As fuel and labor costs continue to soar, mowing techniques and reliable equipment are vital to competing in today’s commercial marketplace. Here are four handy tips to keep your business as pristine as the turf you mow.
Striping: Not just for ballparks any more
The beauty of the striped lawn is highly sought after by the “Do It For Me Crowd,” says Nick Cashier, vice president of commercial product marketing for Cub Cadet.
Cashier says this customer base not only wants grass cut level and clean, “but they like an alternating color pattern to highlight their well-manicured lawn. And obviously, they don’t want grass clippings strewn everywhere,” he adds.
Cub Cadet is boasting its new Select Cut System, which Cashier says is ideal for striping. It features an adaptable mowing deck that delivers a clean, high-quality cut regardless of terrain, grass type or weather condition.
But not everyone’s a fan of using rollers on lawns. Ray Garvey, marketing coordinator for Grasshopper, says rollers are not a particularly healthy application because airflow is so important to striping.
“On Grasshopper striping mowers, there’s a high degree of managed air flow under the mower deck and we also install composite polymer-type belting,” Garvey says. “Along with the air flow under the decks, the belting tends to gently brush and train the blades of grass to lie in one particular direction.”
Roller or no roller, what makes a stripe picturesque is warm sunlight reflecting off the grass blades. And landscapers must train the grass to get these beautiful light and dark reflections, says Edric Funk, product manager for Toro.
“It’s not uncommon to see guys alternating every other week in opposite directions at 90 degrees to one another,” Funk says. “When they come back, they’re going to go over things that they’ve already striped, to go down a path in the same direction they did the last time to further enhance the stripe.”
In addition to using a machine to get the striped look, Garvey recommends mulching. “Mulching forces the blades of grass downward using air flow and not some mechanical means, and thus trains the grass to lean in a particular direction,” he says.
Stand up for faster service
Funk says many landscapers love stand-on mowers because they can decrease labor requirements and time spent on a job.

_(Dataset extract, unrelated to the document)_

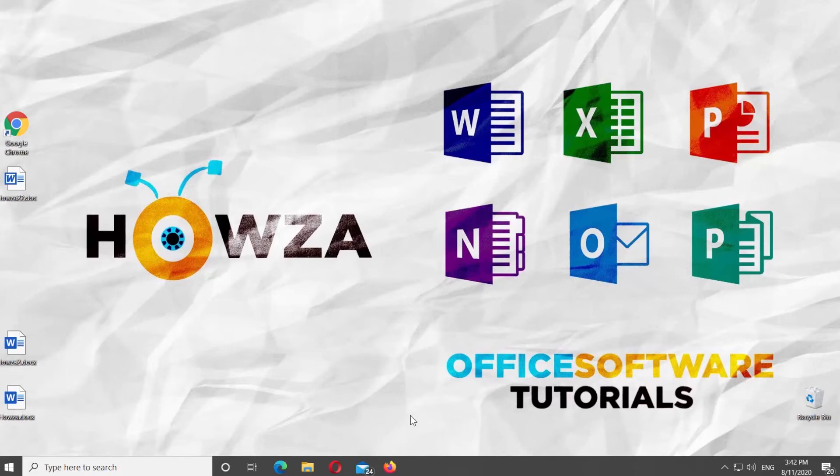Hey! Welcome to How's the Channel! In today's tutorial, we will teach you how to turn off compatibility mode in Microsoft Word.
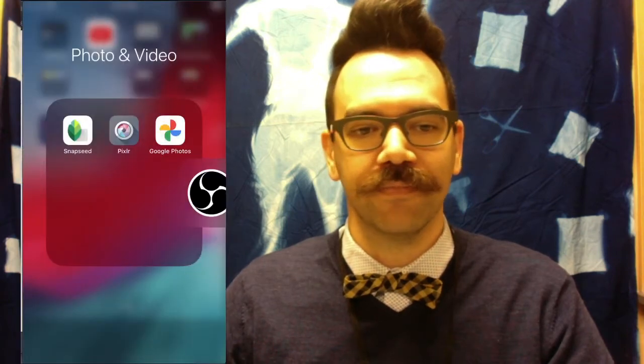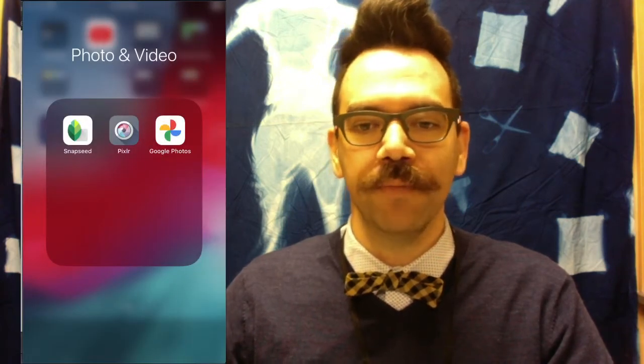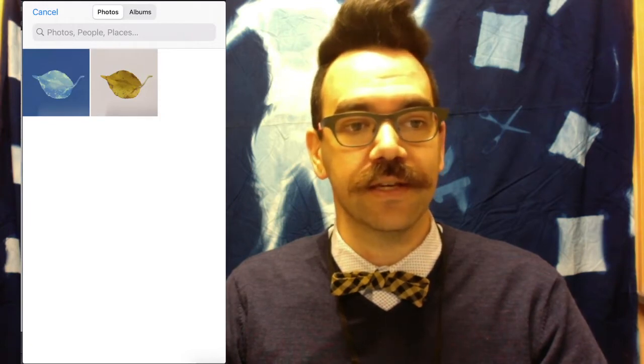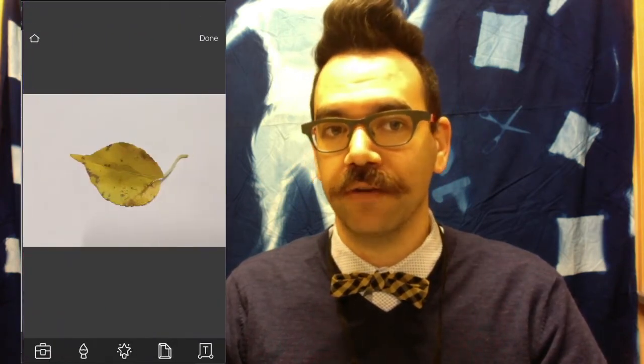So let's go ahead and jump in. First thing you want to do, open up the Pixlr app on your phone. Click on Photos and then select the photo that you want to edit. In this case, it's going to be the yellow leaf against the white background.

“Because the stand-ons tend to be more maneuverable than ride-on mowers, in many cases, the search for a faster mowing platform might actually favor stand-on mowers,” he says. “With a stand-on, you’re pulling in and out of things, back and forth, getting into tight places, and not having to switch and use a second mower for finish work.”

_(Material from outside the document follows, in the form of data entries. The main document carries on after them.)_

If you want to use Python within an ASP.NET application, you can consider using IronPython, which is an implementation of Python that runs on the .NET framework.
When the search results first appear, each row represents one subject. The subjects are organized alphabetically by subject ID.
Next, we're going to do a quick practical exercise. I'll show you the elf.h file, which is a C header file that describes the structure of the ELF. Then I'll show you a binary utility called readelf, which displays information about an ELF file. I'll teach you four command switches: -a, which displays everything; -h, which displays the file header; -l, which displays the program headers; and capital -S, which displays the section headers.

Stay productive on wet ground
Garvey says the key to mowing a marshy area or ground that’s somewhat soft is using a well-balanced mower, one that leaves a light footprint. He also recommends higher flotation tires for wet jobs.
“Common industry turf tires work fine in flat mowing areas that drain well. But when you get into soft ground areas having a high floatation type of tire with tire pressures as low as 6 psi makes a huge difference in maneuvering,” Garvey says. “The unit tends to float over the wet ground as opposed to digging into the turf and bogging down.”
More power means more mowing
Funk says there’s a growing group of pros that have latched onto diesel-powered mowers and swear by them. Diesel engines respond to heavy loads better than regular gasoline because of their inherently high-power, low-end torque curve, he says. “Landscapers who face high growth conditions or cut really lush properties often favor diesel power.”
But the diesel phenomenon has been a topsy-turvy ride over the past decade. First, it was touted as a more cost-effective way to power mowers. Now, diesel prices are notably higher than gasoline.
“In most areas of the country, diesel’s still quite a premium, “Funk adds. “But contractors that run it say they save, because of the higher energy content diesel fuel has.”
As for the performance of diesel versus gasoline, Funk says the proof is in the grass mowed.